All the revolutionaries were funded at least partly by big business and the middle class, many of whom were alienated by the Tsarist regime and in any case excluded from any influence. In Russia itself, the plutocrats, such as the textile tycoon Savva Morozov, were the biggest Bolshevik contributors, while among lawyers, managers and accountants “it was a status symbol to give to the revolutionary parties.” This was especially true in Georgia.
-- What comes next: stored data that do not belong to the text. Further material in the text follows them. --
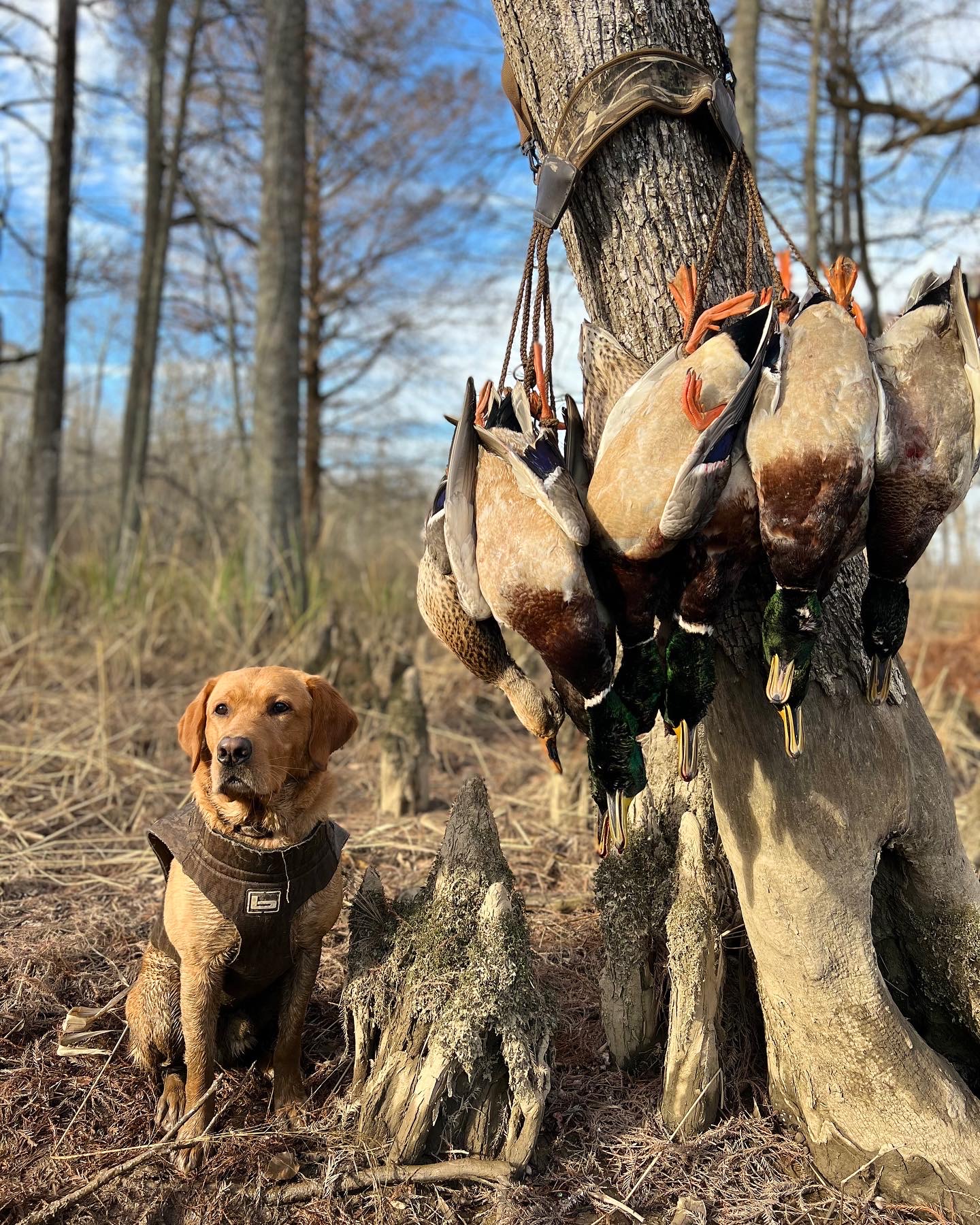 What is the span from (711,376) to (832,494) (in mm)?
329

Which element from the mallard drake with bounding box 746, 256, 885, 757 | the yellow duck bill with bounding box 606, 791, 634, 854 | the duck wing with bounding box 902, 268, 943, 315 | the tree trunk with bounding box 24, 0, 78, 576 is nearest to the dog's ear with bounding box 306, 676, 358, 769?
the yellow duck bill with bounding box 606, 791, 634, 854

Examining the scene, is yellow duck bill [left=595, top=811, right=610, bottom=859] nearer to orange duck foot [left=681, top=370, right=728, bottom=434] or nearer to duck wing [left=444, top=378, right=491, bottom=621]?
duck wing [left=444, top=378, right=491, bottom=621]

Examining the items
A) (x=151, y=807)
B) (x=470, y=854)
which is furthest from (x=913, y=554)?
(x=151, y=807)

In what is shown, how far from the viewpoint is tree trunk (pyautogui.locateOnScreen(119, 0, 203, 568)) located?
38.1ft

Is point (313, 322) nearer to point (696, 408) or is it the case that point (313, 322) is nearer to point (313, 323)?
point (313, 323)

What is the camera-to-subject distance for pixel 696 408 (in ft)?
5.42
Yet there is more to this than just hospitality and philanthropy. Stalin had probably learned the lucrative art of protection-racketeering and extortion from his criminal acquaintances and from his dealings in Baku and Batumi. Now he offered security in return for money. If the tycoons
did not pay, their mines might be blown up, their managers murdered; if they did pay, Stalin protected them.

Two of his fighters recall, in unpublished memoirs, how Stalin kept his side of the bargain, showing that he could really deal with the devil. When the tycoons were robbed, reports G. Vashadze, “it was not local citizens who organized the search for the ‘criminals’ but J. V. Stalin.” Some “thieves robbed the manager of a German manganese company and stole 11,000 roubles,” says N. Rukhadze. “Comrade Stalin commanded us to find the money and get it back. We did so.”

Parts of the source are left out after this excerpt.